The version of Windows Media Player that will accompany Windows 8 will not be able to play back DVDs, Microsoft has said.
In a blog post on Friday, Microsoft employees Bernardo Caldas and Linda Averett wrote that the decision had been taken due to the cost of licensing DVD playback codecs, and the fact that streaming video is taking over from physical media.
Caldas and Averett also said Microsoft's Windows Media Center would only be included in two editions of Windows 8, namely the Windows 8 Media Center Pack and Windows 8 Pro Pack. Other Windows 8 users who want the software will have to buy it.
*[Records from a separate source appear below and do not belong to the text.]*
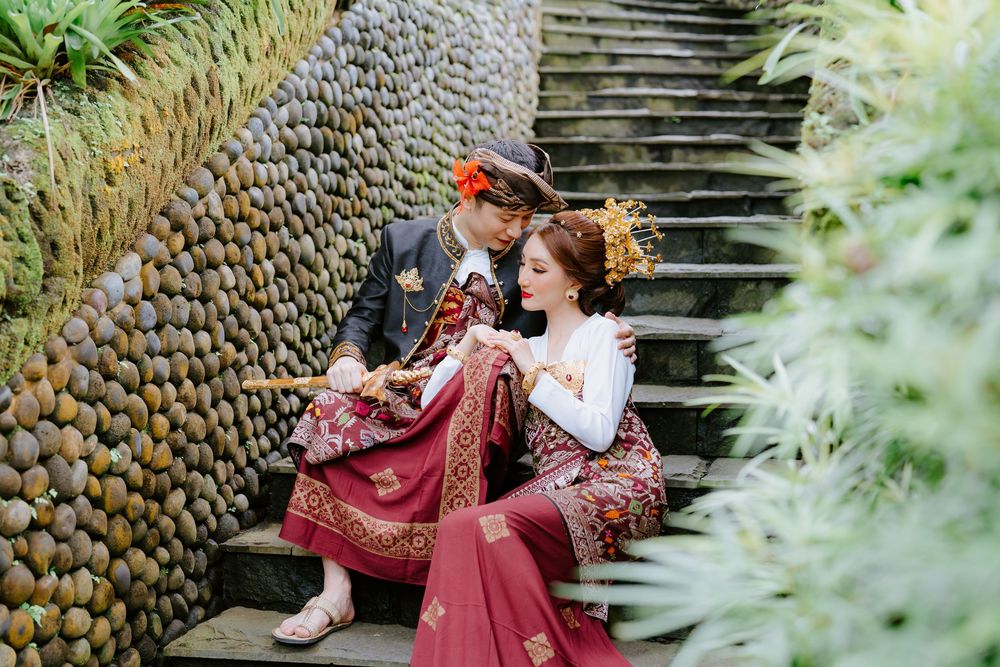 Romantic photoshoot on ornate stone steps with lush tropical garden surroundings.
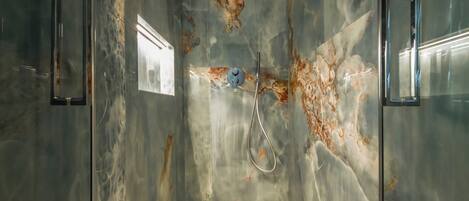 A modern bathroom with a marble wall, a shower, and a mirror.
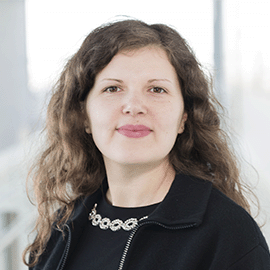 A smiling woman wearing a black blazer stands in front of a window and looks at the camera.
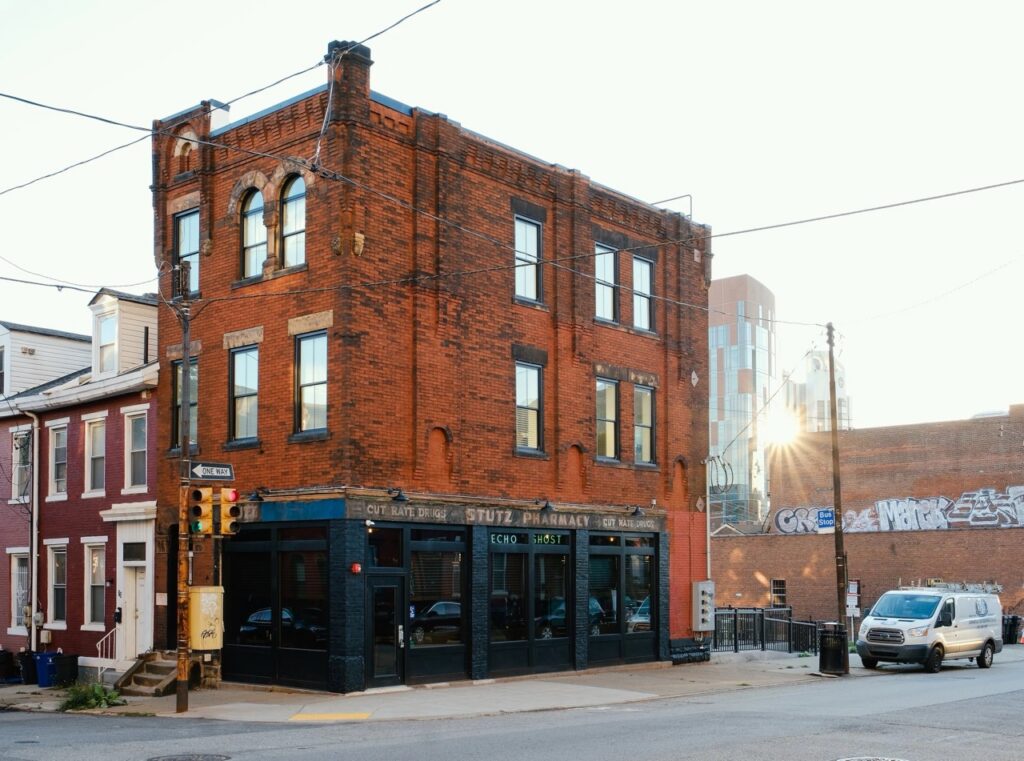 Stutz Pharmacy and Echo Ghost cafe in Pittsburgh, with a van outside.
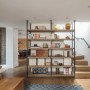 Belsize Park Basement Apartment | Living Room - Bespoke Bookcase and Staircase | Interior Designers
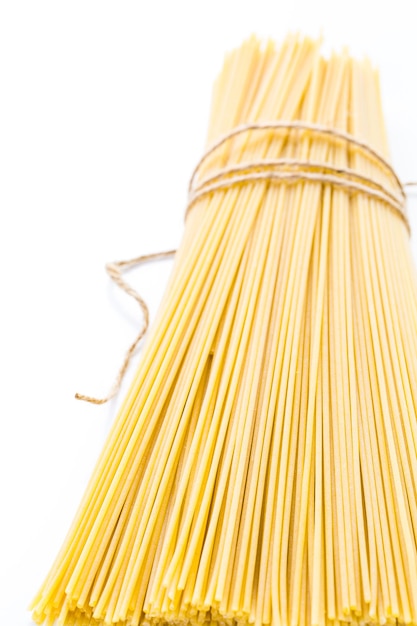 Foto pasta gialla organica degli spaghetti su un fondo bianco.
"Our telemetry data and user research shows us that the vast majority of video consumption on the PC and other mobile devices is coming from online sources such as YouTube, Hulu, Netflix, or any of the other myriad of online and downloadable video services available," Caldas and Averett wrote.
"On the PC, these online sources are growing much faster than DVD and broadcast TV consumption, which are in sharp decline… Globally, DVD sales have declined significantly year over year and Blu-ray on PCs is losing momentum as well," they added.
The authors pointed out that Windows 8 was built for form factors other than the traditional desktop. These include tablets and ultrabooks, neither of which have built-in DVD drives.
"Given the changing landscape, the cost of decoder licensing, and the importance of a straight forward edition plan, we’ve decided to make Windows Media Center available to Windows 8 customers via the 'Add Features to Windows 8' control panel," Cladas and Averett wrote. "Windows Media Player will continue to be available in all editions, but without DVD playback support."
The Microsoft employees suggested that those wanting DVD playback without Windows Media Center could turn to "the many quality solutions on the market".